Records shown:

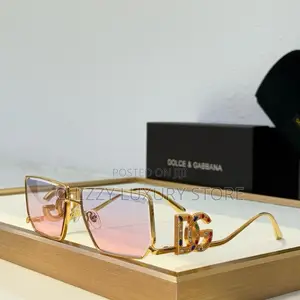 Dolce Gabbana Quality Luxury Ladies Sunglasses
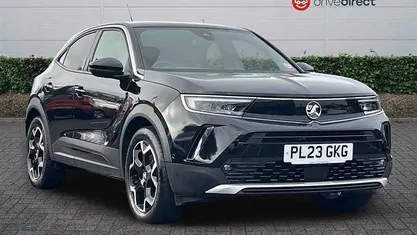 Used Vauxhall Mokka Ultimate 100 kW (136 HP) 2025 SUV
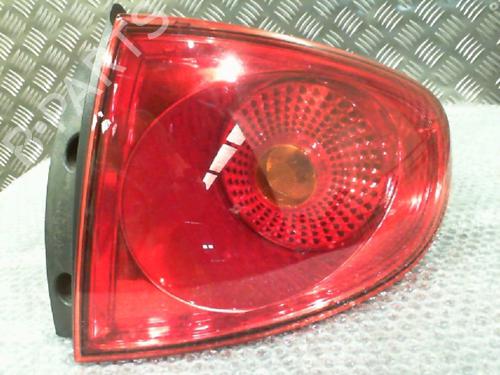 Used Right taillight SEAT ALTEA (5P1) 1.9 TDI (105 hp) 24742915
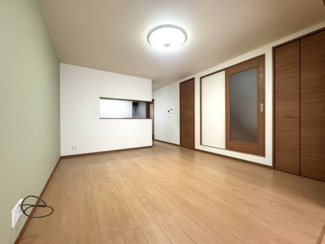 【居間・リビング】 | 小山西大野町貸家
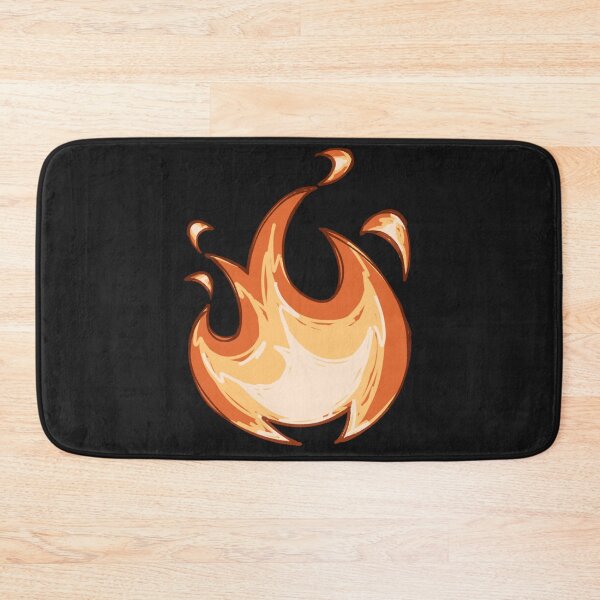 Item preview, Inferno! Flame design  designed and sold by Temnomicomic.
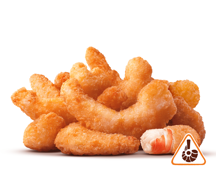 Креветки (12 шт.)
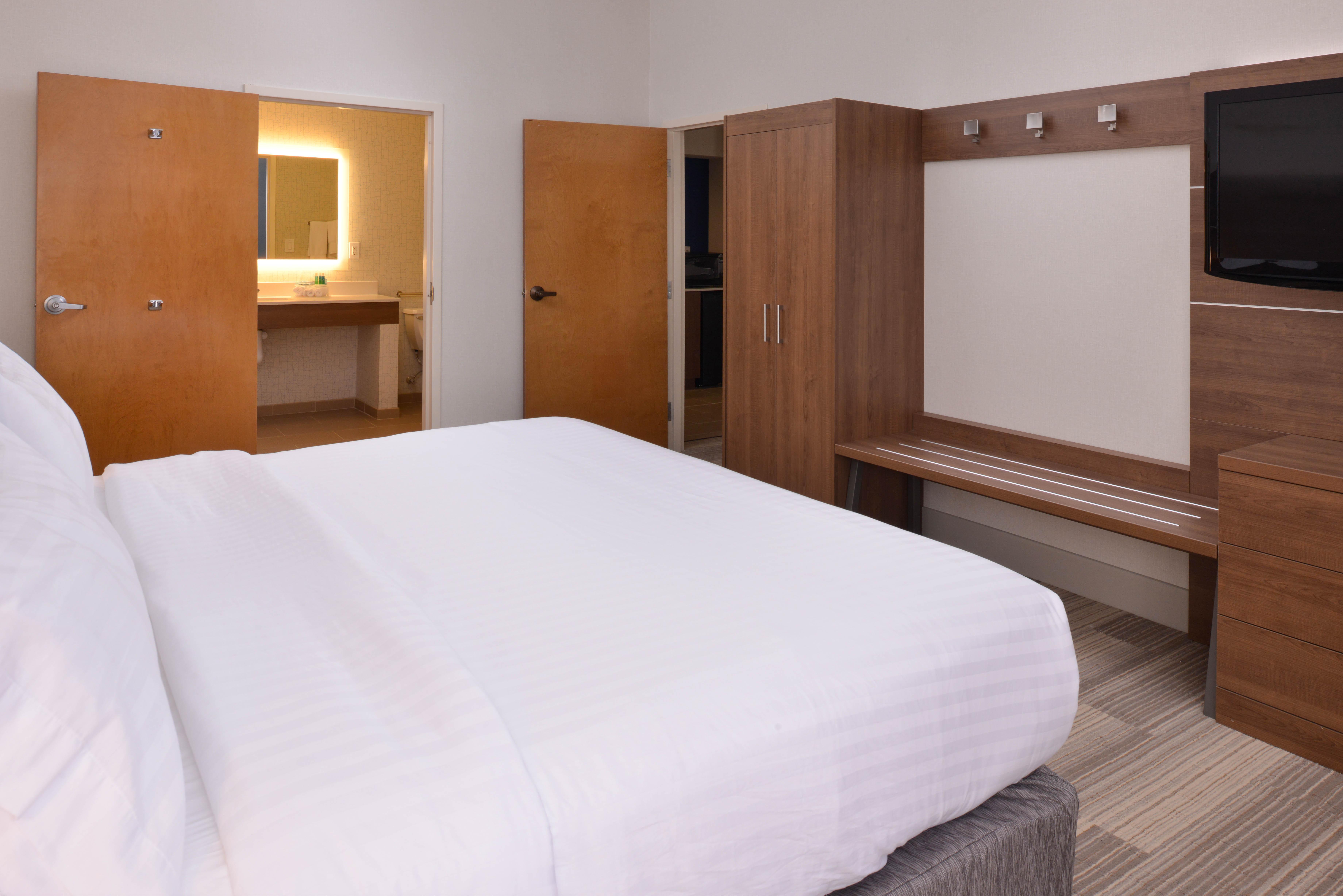 Holiday Inn Express Olean By Ihg Exteriör bild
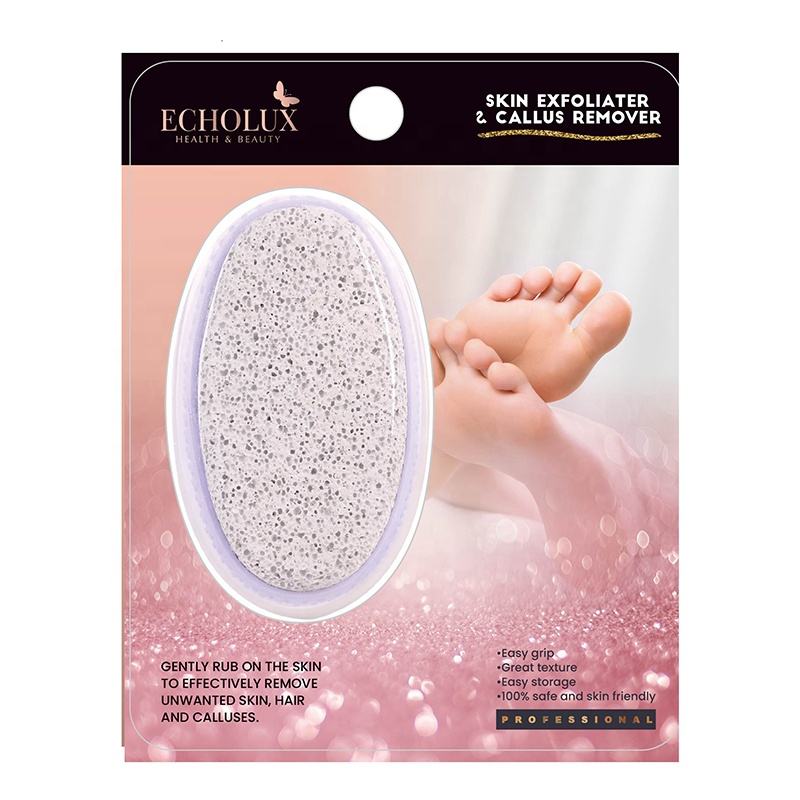 Pedicure Exfoliation Tools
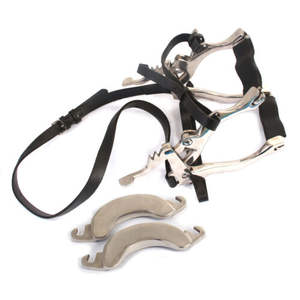 Venta caliente personalizado boca de acero inoxidable mordaza equipo veterinario para el cuidado dental equino caballo - Product Image 4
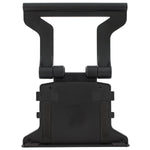 Bracket for Xbox 360 Kinect sensor universal TV clip mount stand holder - Black | ZedLabz - 3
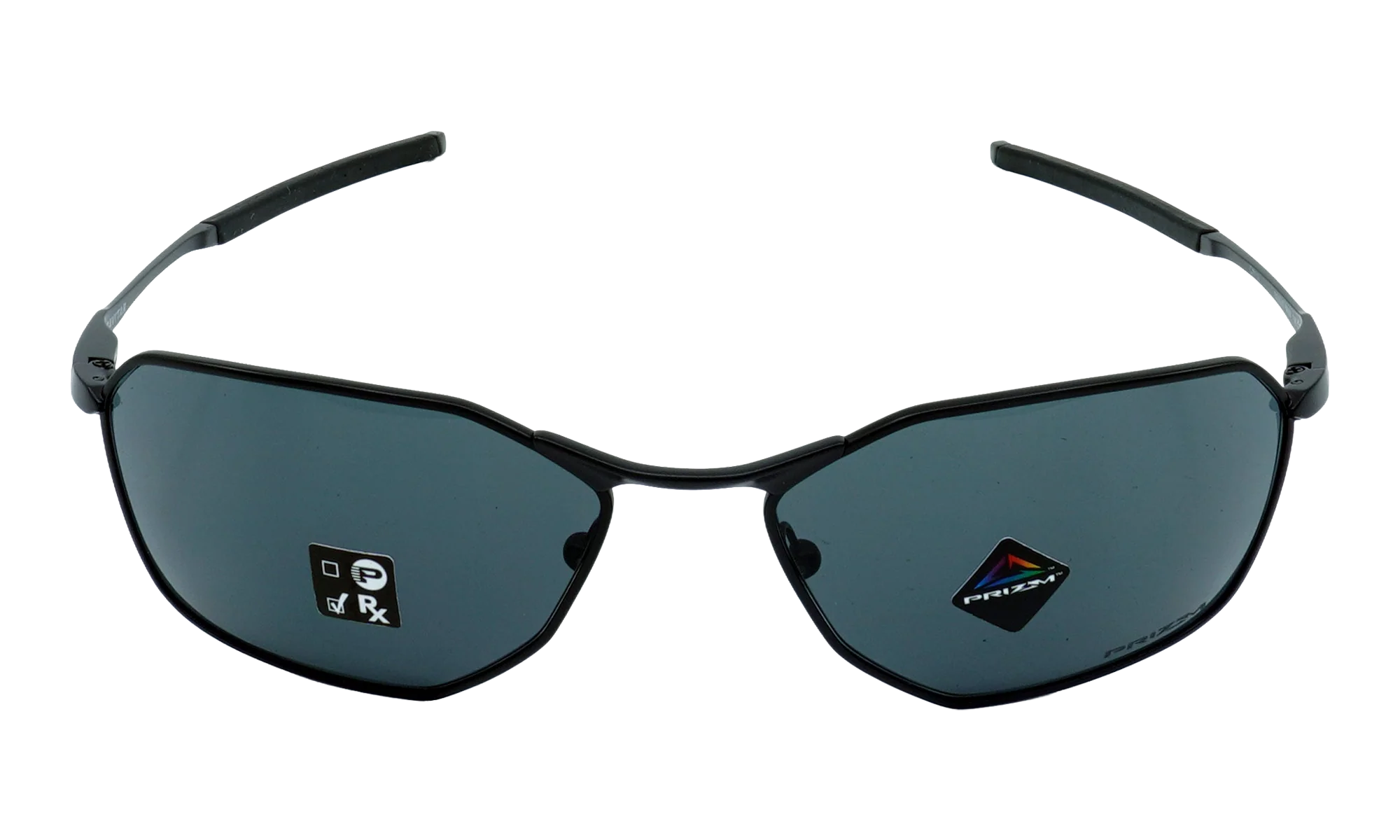 Savitar Sunglasses "Satin Black / PRIZM Grey" OO6047 06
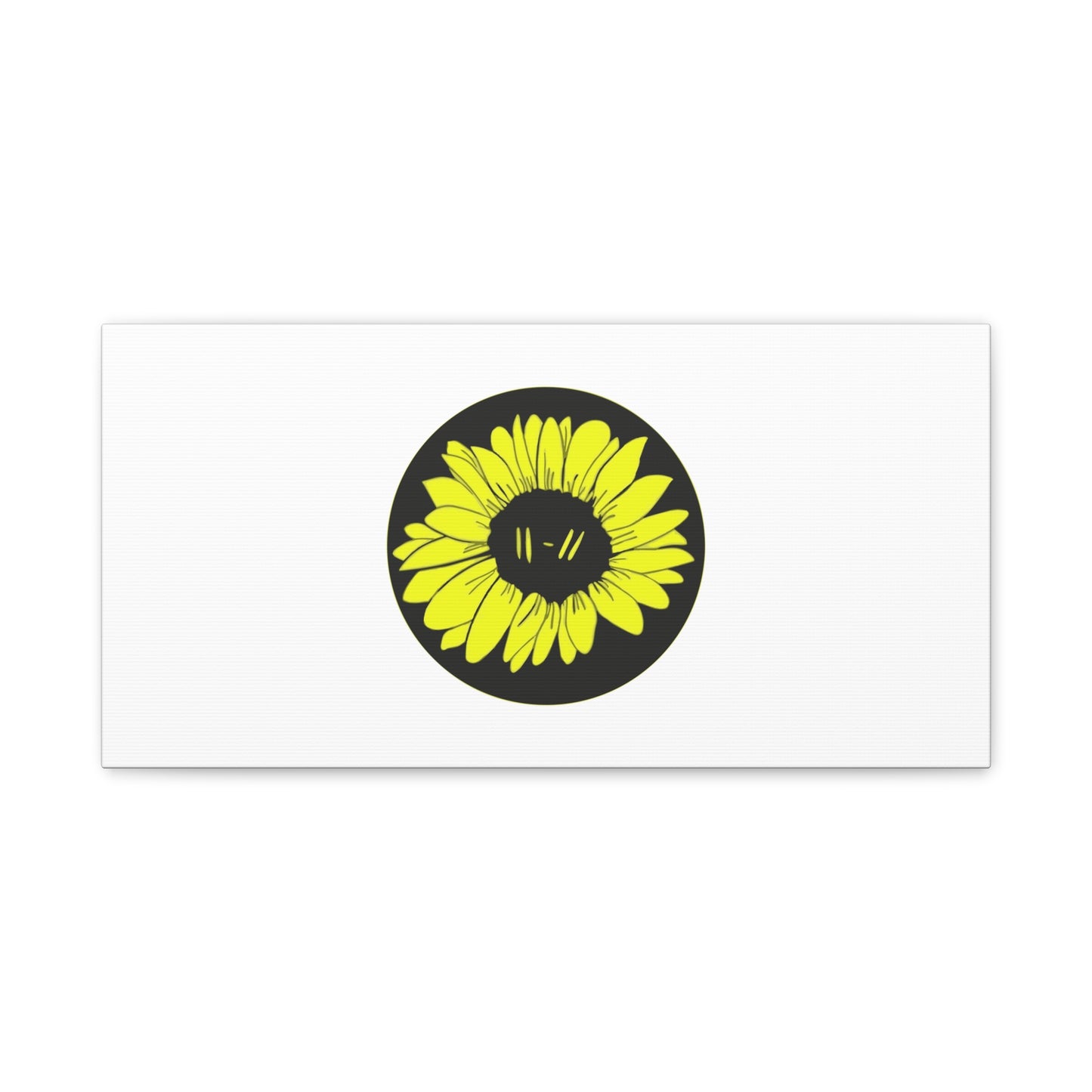 Bloom Aura Matte Canvas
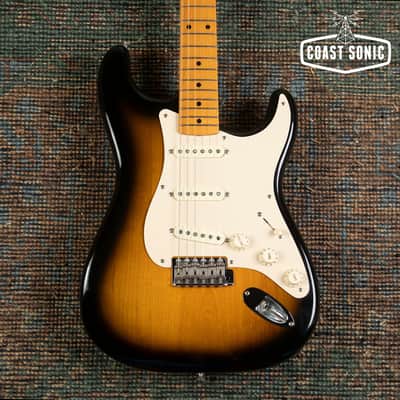 2006 Fender '57 American Vintage Reissue Stratocaster AVRI USA w/case & candy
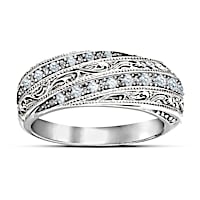 Diamond Elegance Ring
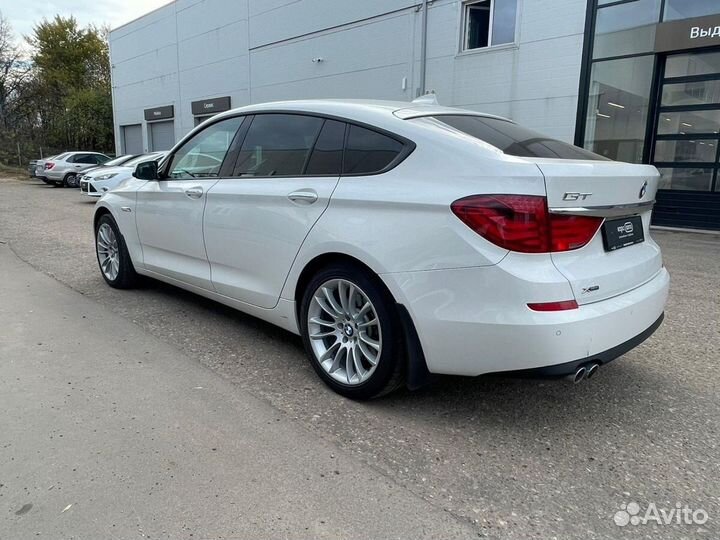 BMW 5 серия 3.0 AT, 2013, 239 000 км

Problem to solve: The data is to be printed again exactly, but without its pictures.

Finished task:
 Dolce Gabbana Quality Luxury Ladies Sunglasses
 Used Vauxhall Mokka Ultimate 100 kW (136 HP) 2025 SUV
 Used Right taillight SEAT ALTEA (5P1) 1.9 TDI (105 hp) 24742915
 【居間・リビング】 | 小山西大野町貸家
 Item preview, Inferno! Flame design  designed and sold by Temnomicomic.
 Креветки (12 шт.)
 Holiday Inn Express Olean By Ihg Exteriör bild
 Pedicure Exfoliation Tools
 Venta caliente personalizado boca de acero inoxidable mordaza equipo veterinario para el cuidado dental equino caballo - Product Image 4
 Bracket for Xbox 360 Kinect sensor universal TV clip mount stand holder - Black | ZedLabz - 3
 Savitar Sunglasses "Satin Black / PRIZM Grey" OO6047 06
 Bloom Aura Matte Canvas
 2006 Fender '57 American Vintage Reissue Stratocaster AVRI USA w/case & candy
 Diamond Elegance Ring
 BMW 5 серия 3.0 AT, 2013, 239 000 км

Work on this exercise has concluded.